By James Lee Witt and Adm. James Loy - 04/17/13 10:49 PM EDT
“Leave this world a little better than you found it.”
Robert Baden-Powell, founder of the scouting movement, was right when he urged us to hold the Earth as sacred.
When Sandy hit, we witnessed firsthand the danger of letting our environmental and physical infrastructure go.
The storm called attention to what Mother Nature can do to our man-made infrastructure and natural environment. We can no longer deny the increasing frequency and intensity of such storms. We have the chance to enact policies that will keep our environment and our homes safe before the next major natural catastrophe.
With the next hurricane season less than two months away, now is the time to consider a comprehensive catastrophe management system, with mitigation and prevention as the cornerstones, to better prepare and protect Americans from natural catastrophe.
A newly introduced bill proposing a better catastrophe management approach, the Homeowners and Taxpayers Protection Act of 2013, sponsored by Rep. Albio Sires (D-N.J.), builds upon legislation that passed the House of Representatives in 2007 by an overwhelming bipartisan vote of 258-155. It was reintroduced and passed the House Financial Services Committee in 2010 with nearly 80 congressional co-sponsors from 30 states.
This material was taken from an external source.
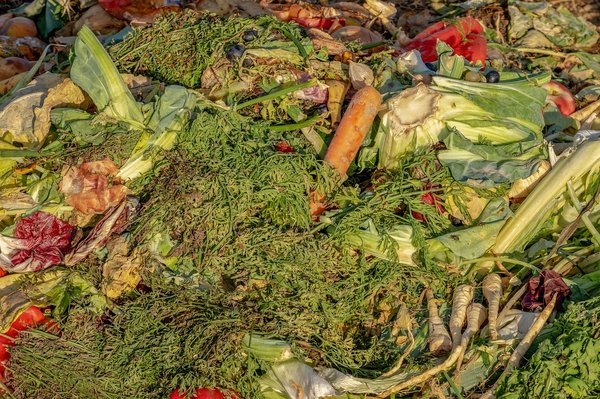 What are the new UK guidelines for food waste management in 2023?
This bill contains incentives and requirements to improve prevention and mitigation measures at the state and local levels, including strong building codes, which protect the environment by ensuring that structures are built with energy-efficient materials and release fewer carbon emissions. Strong building codes also reduce the large quantities of post-disaster debris that can overwhelm landfills.
This bill also supports sensible land use planning, which will also help protect the environment by reducing beach erosion and water contamination and could help improve ecological life.
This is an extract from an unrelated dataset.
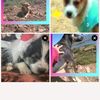 _digital_dogs.peques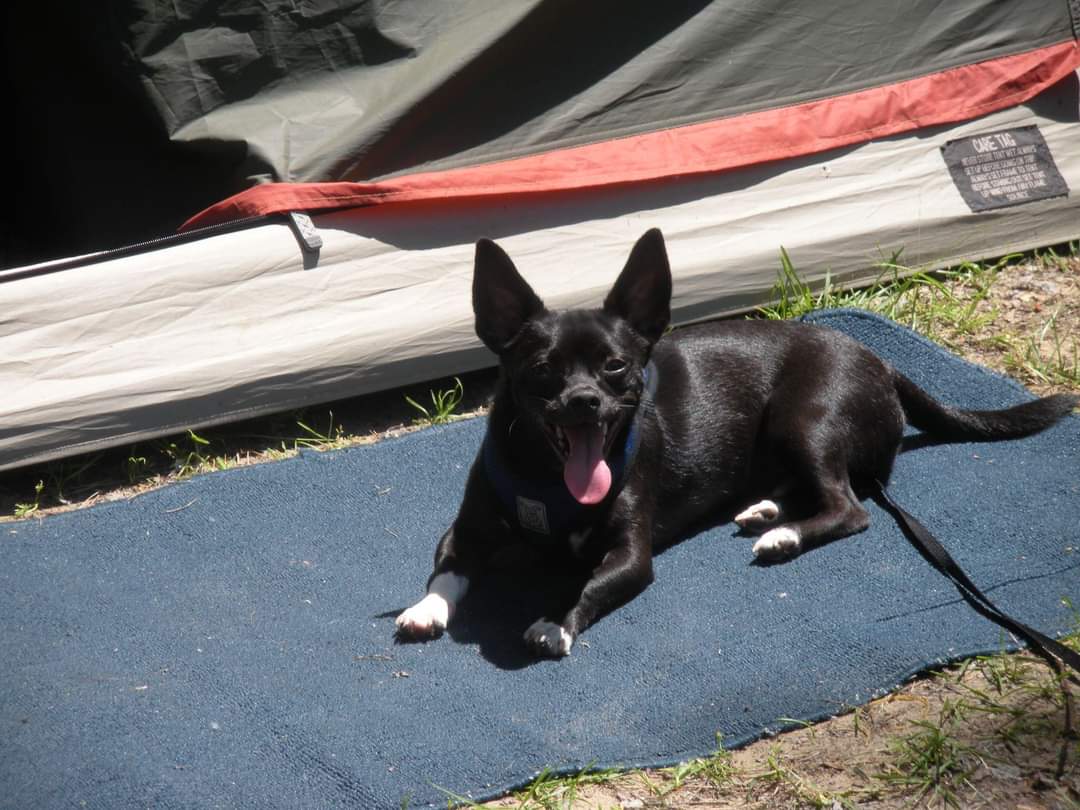 Dr. Kimberly Snary tweet media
After Sandy, many families were unable to afford the rising costs of rebuilding their homes. By building a privately funded national catastrophe fund, Americans across the country in harm’s way would have greater access to affordable homeowners insurance to protect them before the next catastrophe.
The fund would also designate needed money to support the mitigation programs that must be implemented to protect our sensitive environmental resources and mitigate damage when the inevitable next storm comes to town.
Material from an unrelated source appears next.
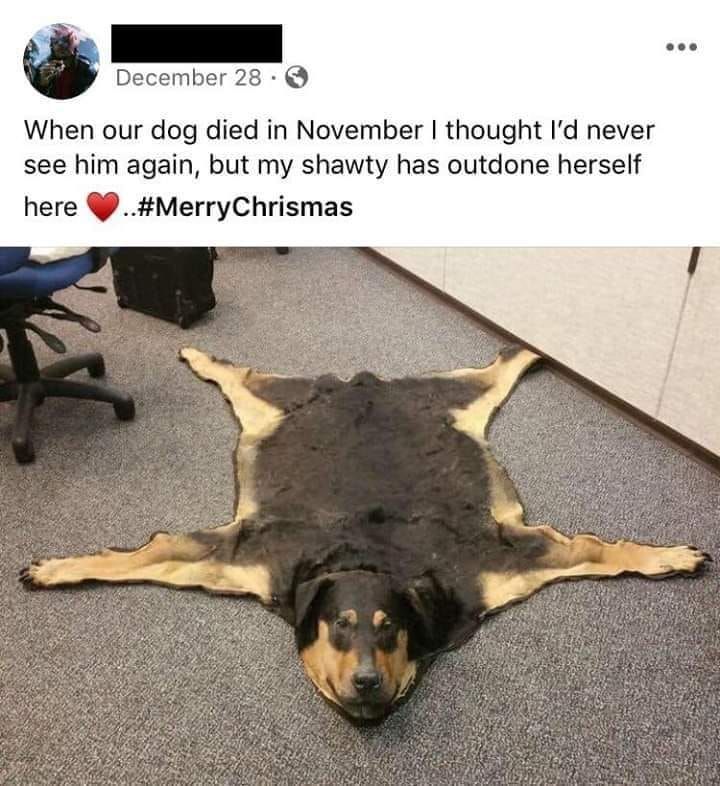 cute doggo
The national catastrophe fund that is part of this comprehensive legislative solution can be thought of like a “catastrophe IRA.” Insurance industry money would prudently be set aside and built up, not for later retirement but for a speedy and well-resourced recovery from true natural catastrophe whenever it hits. Because the fund is financed through private insurance premiums, it provides protection without requiring deficit spending or additional taxation.
The legislation espouses the notion that we should prepare for the future by conserving today, and it’s in this same spirit that we celebrate Earth Day.
We have the opportunity to heed Baden-Powell’s call and create a sustainable system that protects our environment and our economy before the next Andrew, Katrina or Sandy arrives at our doorstep. We also now have the opportunity to honor Baden-Powell’s legacy and heed the Scout’s motto to “be prepared” for the next storm. Now is the time to take swift action and enact the bill.
The writers are co-chairmen of ProtectingAmerica.org. Witt is executive chairman of Witt O’Brien’s, a disaster recovery and crisis management consulting firm, and was director of the Federal Emergency Management Agency under former President Clinton. Loy is senior counselor at The Cohen Group and was commandant of the U.S. Coast Guard and deputy secretary of the Department of Homeland Security under former President George W. Bush.